The Swiggy IPO is now open for subscription, allowing investors to place bids until November 8.
Swiggy’s IPO valuation has been set at $11.3 billion, a reduction from its earlier target of $15 billion, with the company aiming to raise approximately ₹11,300 crore through this issue.
At the time of writing on the first of subscription, November 6, 2024 at 12:29 pm, Retail investors subscribing their portion with a 0.34 times bid. The employee reserved segment also performed well, achieving 0.49 times subscription. Non-institutional investor (NII) demand was modest, with only 0.03 times subscription, while qualified institutional buyers (QIBs) are yet to participate.
The IPO comprises a fresh equity issue worth ₹4,499 crore and an Offer for Sale (OFS) of 17,50,87,963 equity shares, offering investors the opportunity to buy into the company.
The price band for the IPO is set between ₹371-390 per share, with a minimum bid of 38 shares in one lot, and additional bids to be made in multiples of this lot size.
Proceeds from the IPO are designated for multiple areas, including investments in Swiggy’s subsidiary, Scootsy, technological upgrades, cloud infrastructure, and initiatives in brand marketing and business promotion, which will be executed over a four- to five-year period.
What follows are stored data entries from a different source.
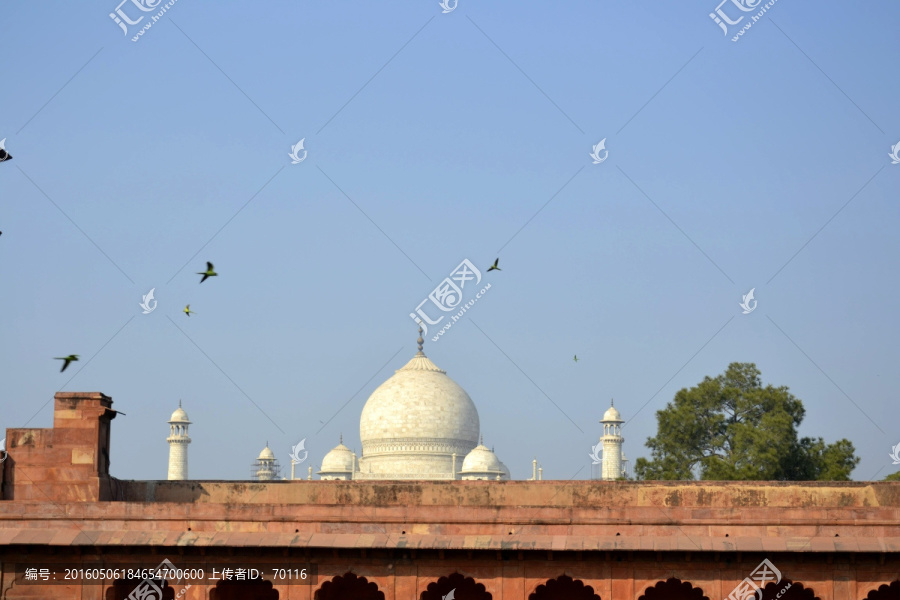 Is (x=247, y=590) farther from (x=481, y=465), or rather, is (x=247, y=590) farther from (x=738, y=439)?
(x=481, y=465)

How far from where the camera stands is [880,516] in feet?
72.2

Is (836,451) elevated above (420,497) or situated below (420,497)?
above

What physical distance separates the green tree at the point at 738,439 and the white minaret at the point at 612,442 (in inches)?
1572

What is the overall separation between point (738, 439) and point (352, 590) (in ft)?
97.2

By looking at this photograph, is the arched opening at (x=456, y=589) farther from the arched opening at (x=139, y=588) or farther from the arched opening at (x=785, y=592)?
the arched opening at (x=785, y=592)

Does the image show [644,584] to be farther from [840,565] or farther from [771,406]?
[771,406]

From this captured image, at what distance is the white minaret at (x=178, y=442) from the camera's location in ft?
346

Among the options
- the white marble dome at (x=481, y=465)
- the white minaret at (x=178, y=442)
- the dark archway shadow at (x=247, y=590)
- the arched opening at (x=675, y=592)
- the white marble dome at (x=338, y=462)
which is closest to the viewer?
the arched opening at (x=675, y=592)

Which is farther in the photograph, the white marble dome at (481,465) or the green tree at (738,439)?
the white marble dome at (481,465)

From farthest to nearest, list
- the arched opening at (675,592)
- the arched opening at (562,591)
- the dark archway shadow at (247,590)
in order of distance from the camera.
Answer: the arched opening at (562,591), the dark archway shadow at (247,590), the arched opening at (675,592)

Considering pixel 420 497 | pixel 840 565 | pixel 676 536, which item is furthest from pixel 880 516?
pixel 420 497

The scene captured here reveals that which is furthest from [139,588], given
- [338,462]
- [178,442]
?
[178,442]

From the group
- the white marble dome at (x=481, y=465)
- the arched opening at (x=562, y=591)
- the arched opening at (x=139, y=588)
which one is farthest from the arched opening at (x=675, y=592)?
the white marble dome at (x=481, y=465)

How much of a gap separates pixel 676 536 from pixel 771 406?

Swiggy faces significant competition from Zomato in India’s food delivery market. Both companies are heavily invested in the fast-growing quick-commerce sector, which promises rapid delivery of groceries and other essential items within 10 minutes.
Since its inception, Swiggy has recorded annual losses and has experienced negative cash flows from operations. For the financial year ending March 2024, Swiggy’s net loss was reduced to ₹2,350 crore, an improvement over the ₹4,179 crore loss in FY23 and the ₹3,628 crore loss in FY22.
Despite the losses, Swiggy’s revenue from operations saw significant growth, doubling from ₹5,704 crore in FY22 to ₹11,247 crore in FY24, highlighting the company’s increasing market presence and revenue generation capabilities.
Key financial institutions involved in managing the IPO include Kotak Mahindra Capital, Citigroup Global Markets, Jefferies India, and Avendus Capital, with Link Intime India appointed as the registrar for the issue.